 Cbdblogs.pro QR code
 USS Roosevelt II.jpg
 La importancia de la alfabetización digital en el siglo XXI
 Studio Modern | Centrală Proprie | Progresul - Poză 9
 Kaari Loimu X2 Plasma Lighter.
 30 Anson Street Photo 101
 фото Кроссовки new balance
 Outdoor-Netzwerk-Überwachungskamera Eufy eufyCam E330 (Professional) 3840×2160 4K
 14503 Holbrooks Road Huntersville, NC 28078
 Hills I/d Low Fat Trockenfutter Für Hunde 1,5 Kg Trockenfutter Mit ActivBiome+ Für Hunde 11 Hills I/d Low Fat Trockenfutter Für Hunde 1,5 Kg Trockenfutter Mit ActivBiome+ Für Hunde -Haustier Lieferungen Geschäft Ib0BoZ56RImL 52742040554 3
————
What you are asked to do ->
Copy out every record above once more, precisely as written.

Written solution ->
 Cbdblogs.pro QR code
 USS Roosevelt II.jpg
 La importancia de la alfabetización digital en el siglo XXI
 Studio Modern | Centrală Proprie | Progresul - Poză 9
 Kaari Loimu X2 Plasma Lighter.
 30 Anson Street Photo 101
 фото Кроссовки new balance
 Outdoor-Netzwerk-Überwachungskamera Eufy eufyCam E330 (Professional) 3840×2160 4K
 14503 Holbrooks Road Huntersville, NC 28078
 Hills I/d Low Fat Trockenfutter Für Hunde 1,5 Kg Trockenfutter Mit ActivBiome+ Für Hunde 11 Hills I/d Low Fat Trockenfutter Für Hunde 1,5 Kg Trockenfutter Mit ActivBiome+ Für Hunde -Haustier Lieferungen Geschäft Ib0BoZ56RImL 52742040554 3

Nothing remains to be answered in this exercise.